▸ **TASK GOAL**: Only the lines below between the one holding "El incendio cerca de la reserva de Doñana sigue activo 12" and the one holding "Silène noctiflore(Silene noctiflora)_2", inclusive, are to be reproduced word for word; the pictures are to be left out.

▸ **THE RECORDS**:
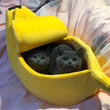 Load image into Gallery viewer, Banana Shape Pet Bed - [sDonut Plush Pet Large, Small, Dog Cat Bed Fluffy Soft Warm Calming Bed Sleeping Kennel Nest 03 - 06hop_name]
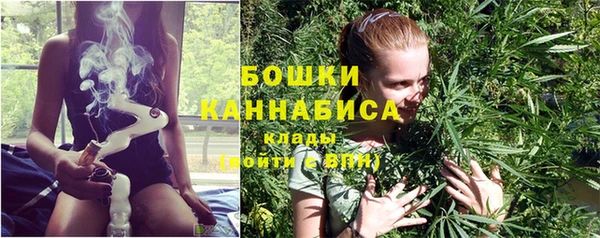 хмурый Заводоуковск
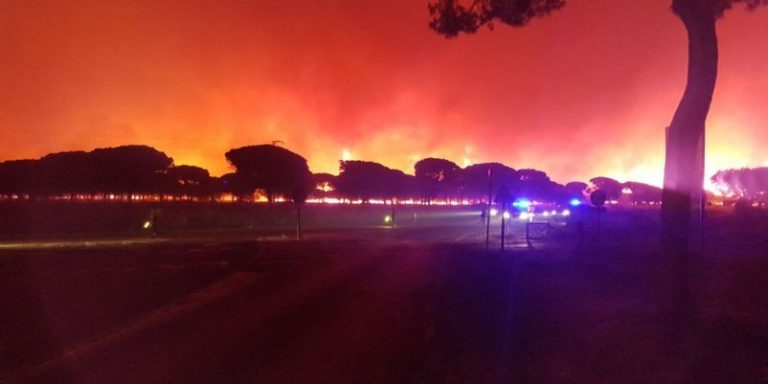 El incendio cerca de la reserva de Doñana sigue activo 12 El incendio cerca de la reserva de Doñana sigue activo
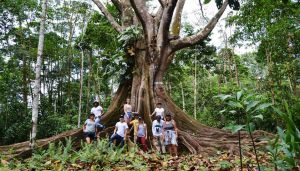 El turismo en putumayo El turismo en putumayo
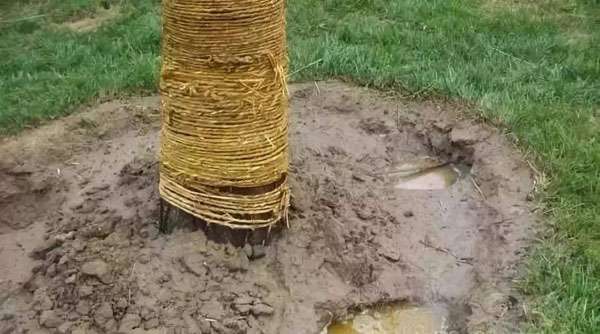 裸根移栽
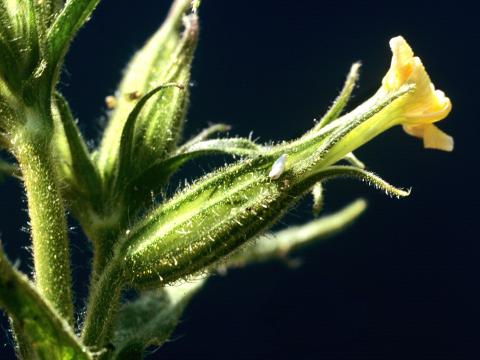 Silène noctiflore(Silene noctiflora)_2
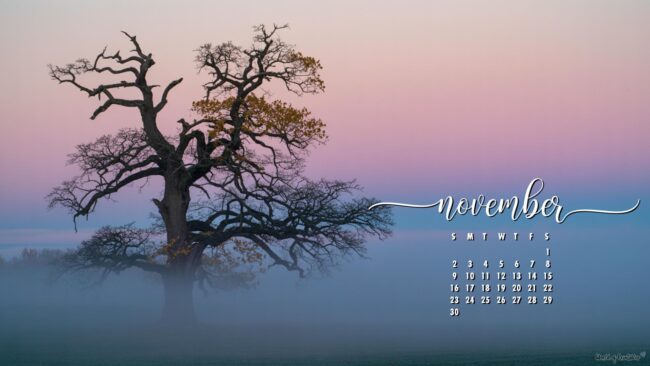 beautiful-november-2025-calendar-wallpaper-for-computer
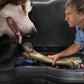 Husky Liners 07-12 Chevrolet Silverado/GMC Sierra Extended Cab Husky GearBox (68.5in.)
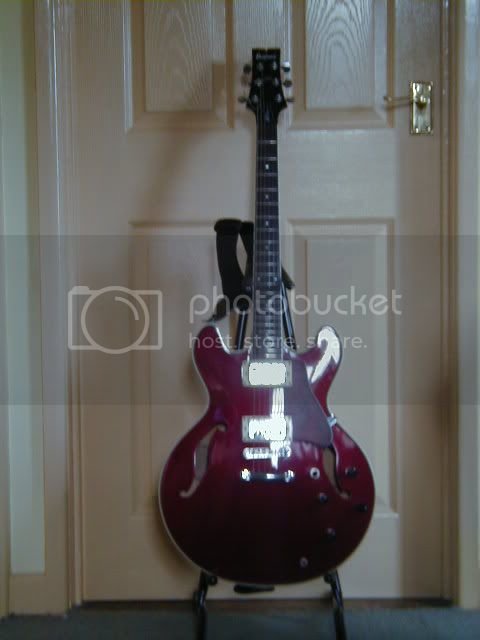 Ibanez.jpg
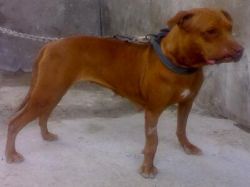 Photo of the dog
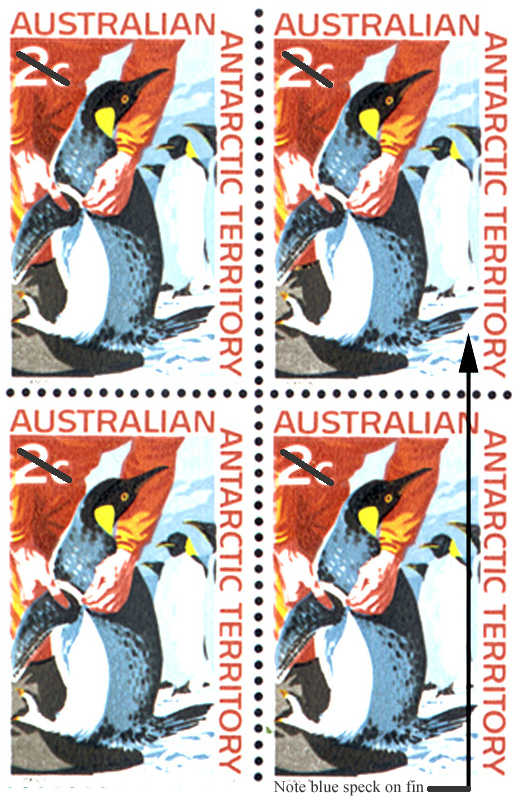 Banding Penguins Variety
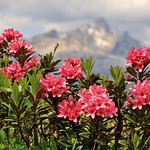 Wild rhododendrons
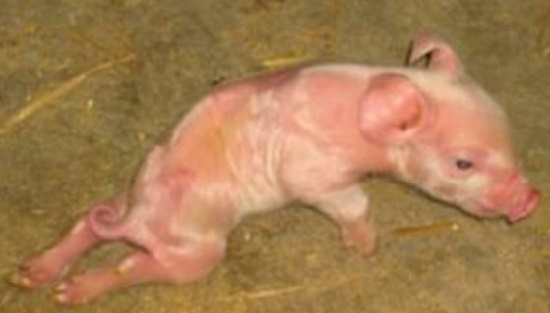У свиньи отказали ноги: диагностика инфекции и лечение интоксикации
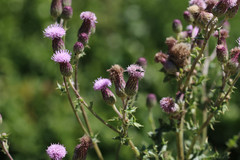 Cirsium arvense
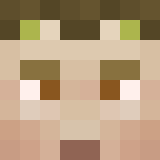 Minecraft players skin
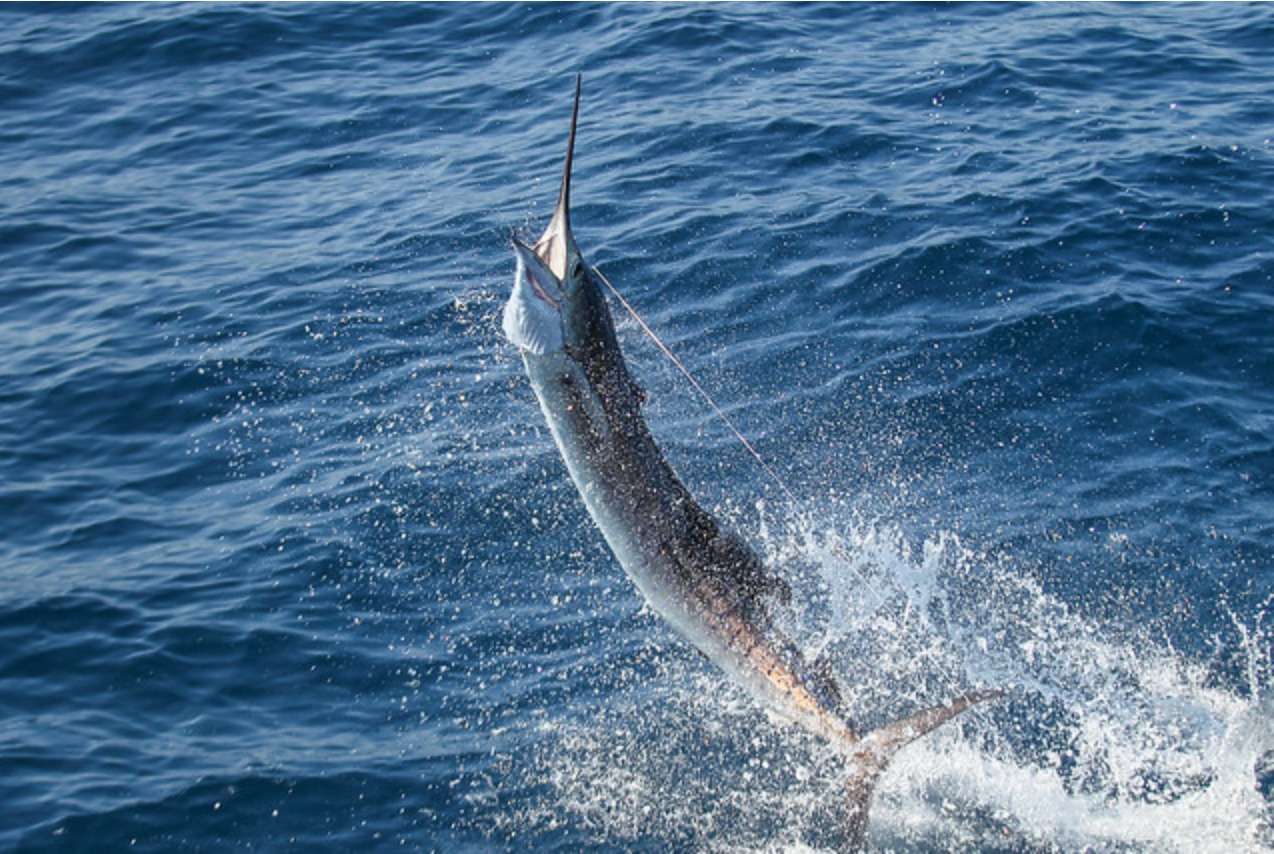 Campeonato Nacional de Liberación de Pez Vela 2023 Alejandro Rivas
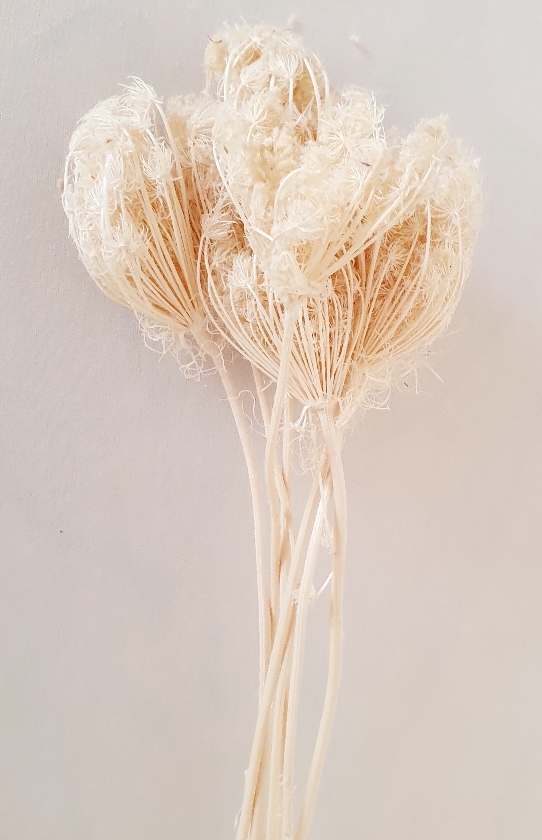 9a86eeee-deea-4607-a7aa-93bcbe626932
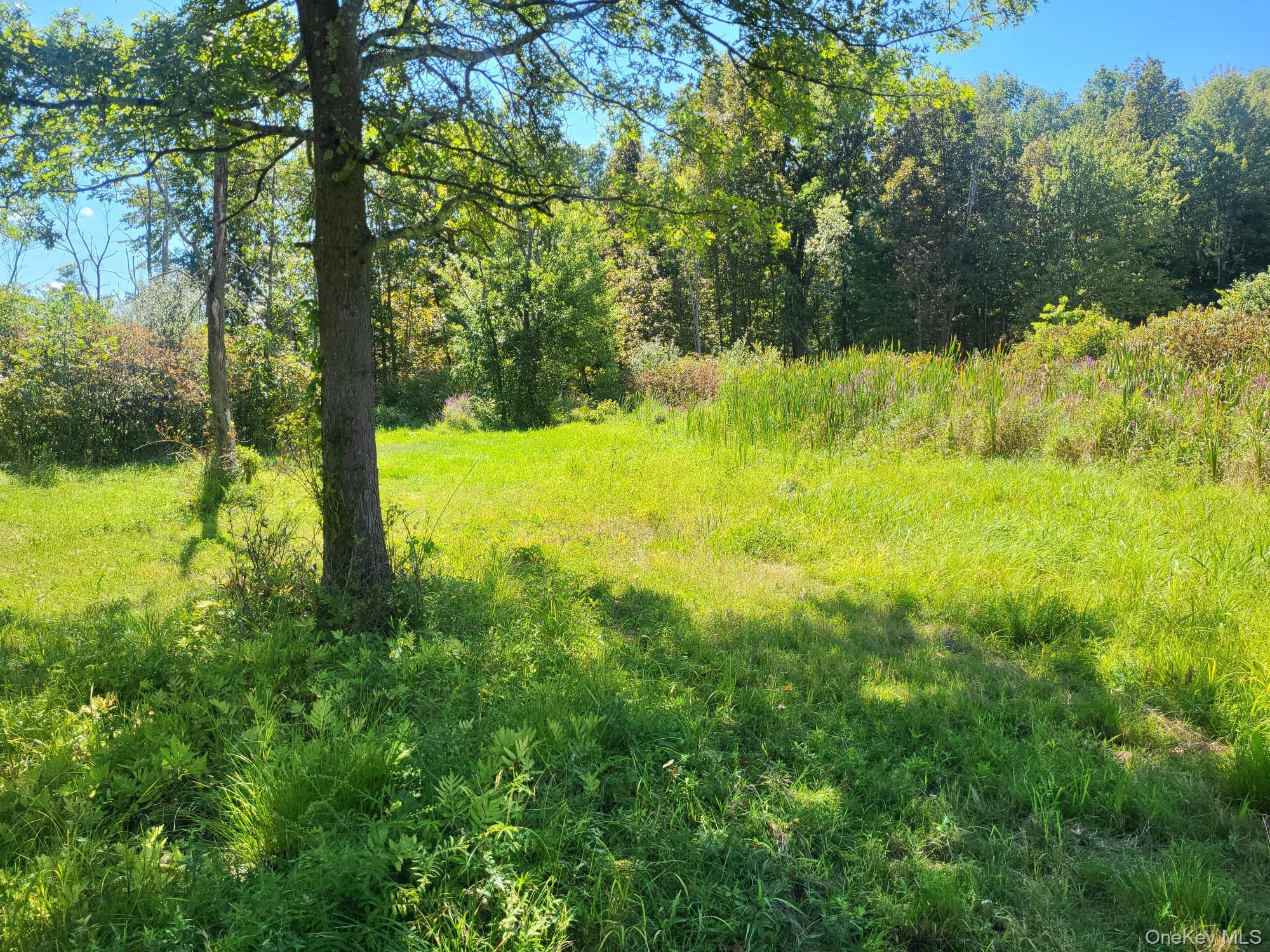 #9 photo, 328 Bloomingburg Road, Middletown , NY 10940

▸ **ANSWER SECTION**:
 El incendio cerca de la reserva de Doñana sigue activo 12 El incendio cerca de la reserva de Doñana sigue activo
 El turismo en putumayo El turismo en putumayo
 裸根移栽
 Silène noctiflore(Silene noctiflora)_2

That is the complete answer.